“The most important single ingredient in the formula of success is knowing how to get along with people,” Theodore Roosevelt used to say. This formula takes crucial importance in case of robots. Without communication capacity the robot will be just a high-tech machinery. Valery Titov and Vladislav Sazonov, engineers of Promobot company, explain the meaning of the communication with a robot. Apparently, the “microphone-speaker” connection became obsolete back in the last century, and it is almost impossible to find a suitable “head”.
People take everyday communication for granted as a human is able to hear and respond. We meet a challenge, when it comes to robots. The challenge is to develop the robot that can hear and understand the way a human does. Communication with a robot can be accompanied by various conditions, for example, noise or several people talking at the same time. Traditional microphones may react to the robot speech itself. Technically, the communication process is very complex. To teach Promobot robots to communicate, we had to develop appropriate “mouth” and “ears” and make them work in a proper way.
“Honda” for a Robot
For perfect pitch, the robot should posses two main features: “right” ears to hear and a credible head with an ability to process the incoming information. Hardware and software system based on microphone array can be a good way out.
The software is more complex rather then a microphone set that can be placed wherever required. The head at least must be able to
l Recognize the robot speech;*
l Clear sound from noise;*
l Determine speech of all incoming information;*
l Identify the source of speech;*
l Form a beam to amplify the original sound signal from the source;*
l after all, recognize speech in the audio track
As a rule, the microphone array does not meet the last paragraph.
There were not many definite ideas on the world market. And only few of them are up to Promobot. We consider the development of Honda research institute, Japan Audition for Robots with Kyoto University as the most promising one.
HARK was originally designed for robots to hear and understand commands from a human. This open source software could be linked to the Robot Operating System (ROS). The microphone sound processing was easily set up. An additional privilege was the stated possibility of simultaneous detection of several sound sources. It seemed to be what we needed. We were fascinated with the Japanese development so much that we stopped looking for another option.
Fatal sound millimeters
In 2014, we used a RASP LC microphone array with 8 microphones for the first tests. There were 4 microphone arrays located on the central part of the robot’s chest and around the screen, 3 ones on the upper part of the chest, closer to the neck, and one in the back center, at the back of the neck. After the first test, we located two crucial problems: vibration and calculation complexity.

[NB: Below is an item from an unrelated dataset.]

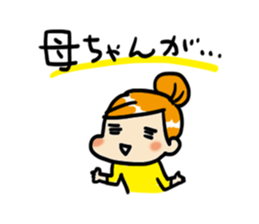My son MAMEKICHI ver2 sticker #3875209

The point is that the robot itself is a mechanism with a huge number of moving parts. Each movement creates background noise that requires constant analysis.
The second point was the processing of the received audio data. HARK developers have taken two fundamentally different approaches to audio stream analytics. The first one, called geometric, is limited to an accurate (up to tenths of a millimeter) description of the microphones space location, having consideration for their directions. The second one, without a special name, in based on a calibration model. It is created by repeatedly recording the same record through an array from different points in the space.
In most cases, the geometric model should have performed well by the creators’ assurances. This did not happen with the first Promobot prototype. The accuracy of microphone location occurred to be the main problem. As seven years ago, many stages of assembly are still done manually. It is not always possible to reduplicate the product. A discrepancy of a millimeter turned out to be fatal, when it comes to accurate algorithms in comparison to a human eye. The result was very discouraging, due to an inaccurate location model, the program calculated the correlation between 8 audio parts of 10 ms from 8 different microphones.
Acoustic robot’s echo
The second prototype had its own board with a microphone array. It was equipped with a powerful general-purpose microcontroller for synchronizing the collected data. The microphones were located on the robot’s chest around the screen. The model itself had an important feature: the robot detected its own noise and sound. We decided to use acoustic echo cancellation (AEC) of the robot’s speech in the microphone array data.